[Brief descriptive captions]
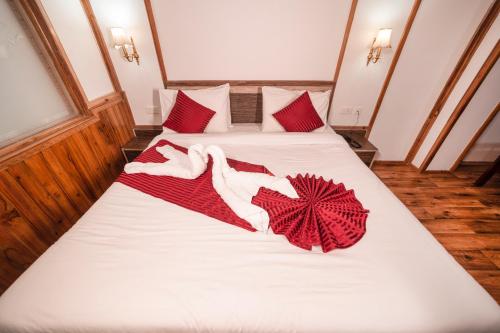 a bed with red and white towels on it at Buddha Retreat in Ravangla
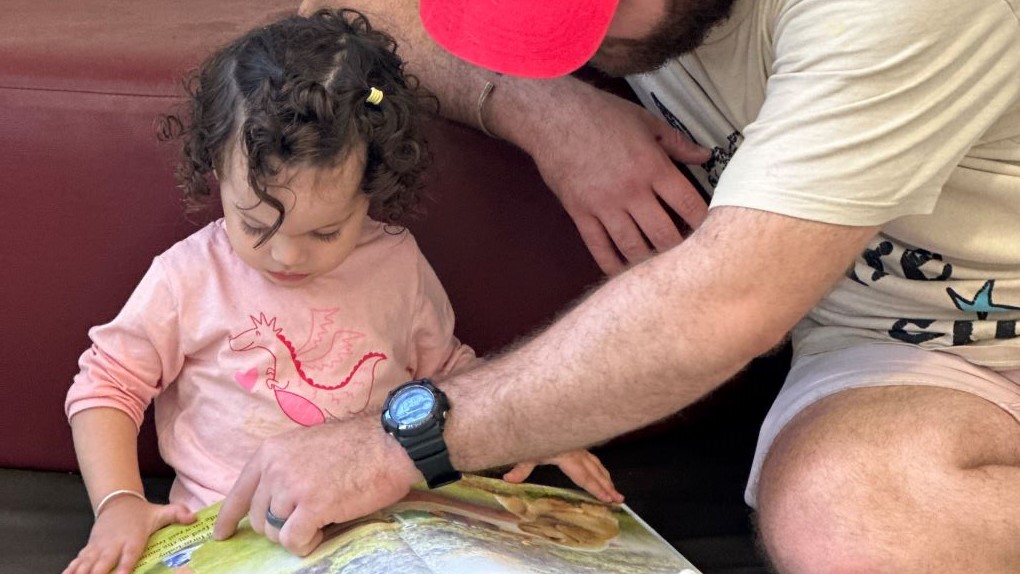 CMS Toddler reading with Dad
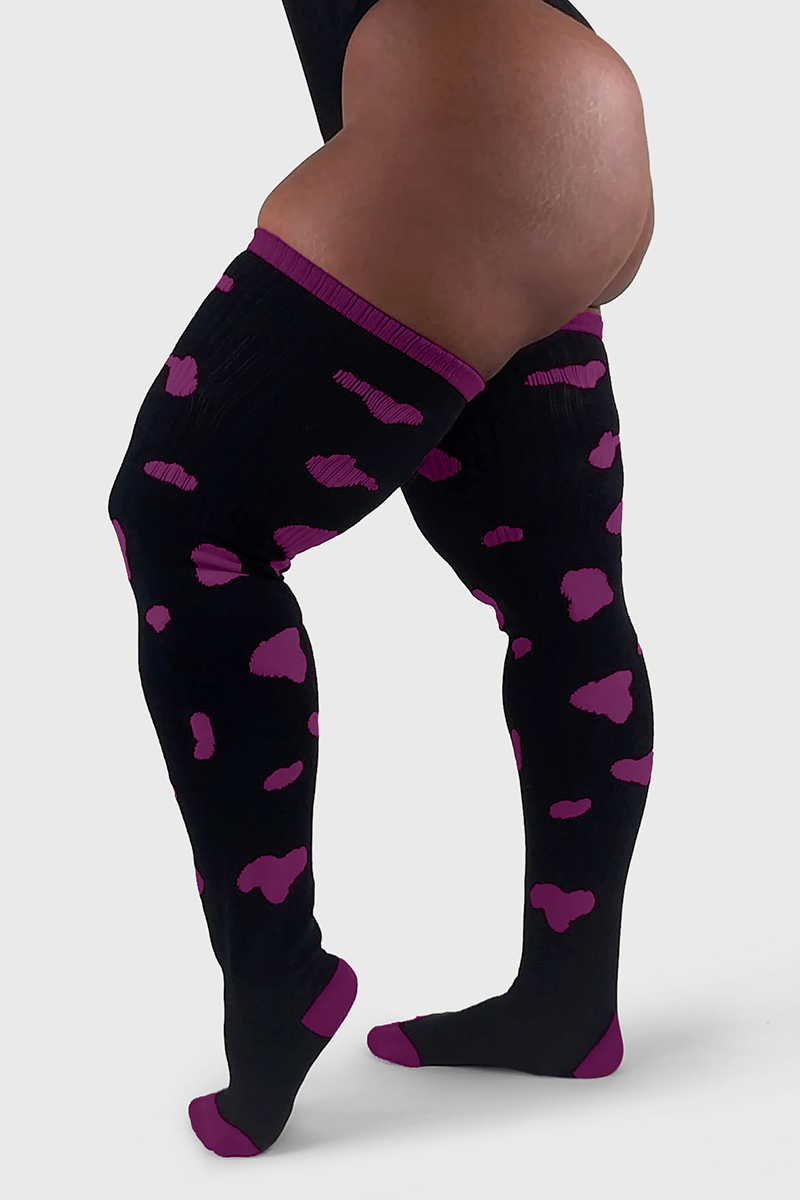 THUNDA THIGHS Tūbbies - Cow Print (Black w/Purple Spots)
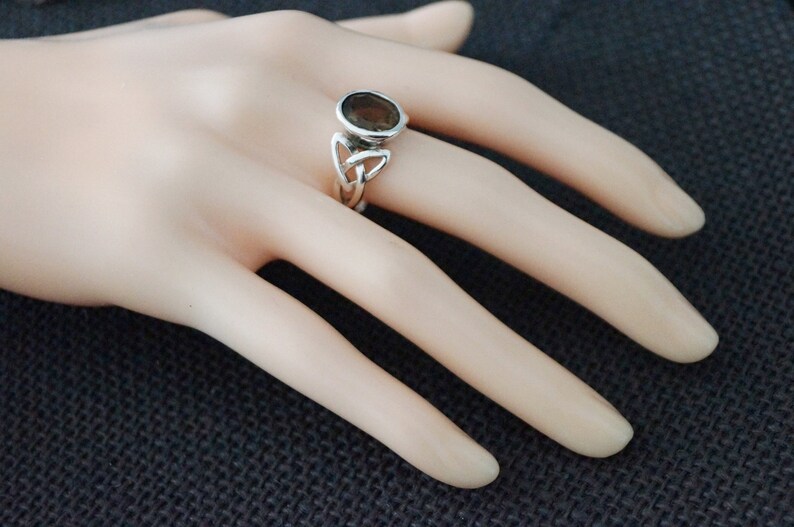 May include: A silver ring with a brown gemstone set in a Celtic knot design.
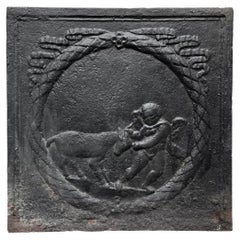 Plaque de cheminée du 18e siècle représentant un amour jouant avec une chèvre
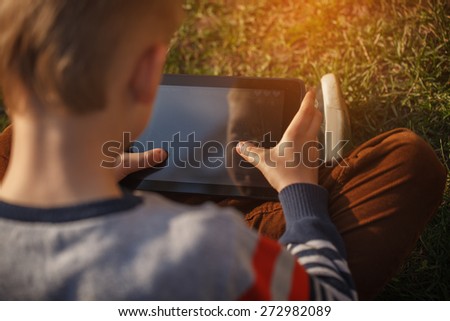 Close-up of kid\'s hands close up holding  digital tablet for playing and education
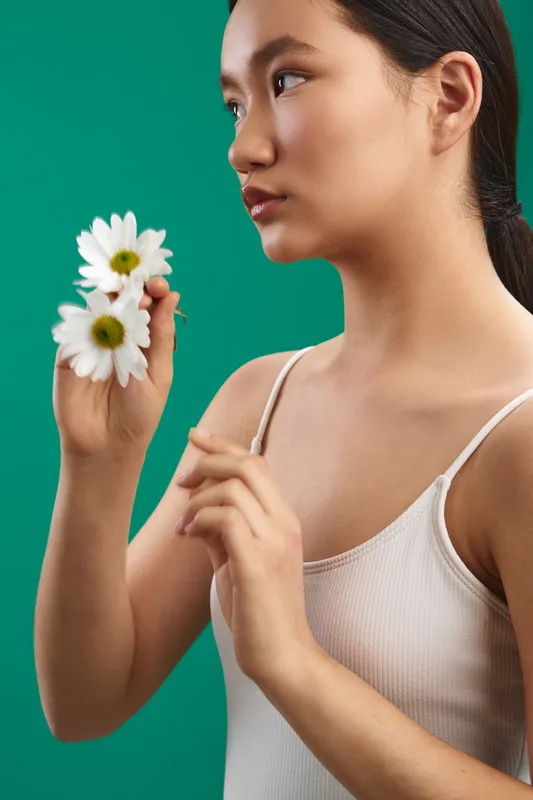 Asian woman holds a bouquet of daisies against a teal background, calm and graceful pose, soft lighting, conveying freshness and gentle focus.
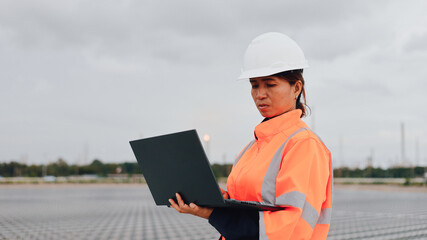 A construction worker in an orange safety jacket and white hard hat reviews information on a laptop...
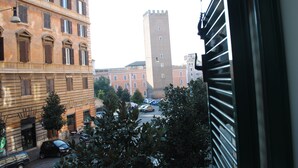 Vista de uma rua urbana com edifícios históricos, uma torre imponente e carros estacionados.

**Problem statement**
Would you output only the span of the records above that opens with the line containing "Asian woman holds" and closes with the line containing "A construction worker", ends included and pictures dropped?

**Result of this exercise**
 Asian woman holds a bouquet of daisies against a teal background, calm and graceful pose, soft lighting, conveying freshness and gentle focus.
 A construction worker in an orange safety jacket and white hard hat reviews information on a laptop...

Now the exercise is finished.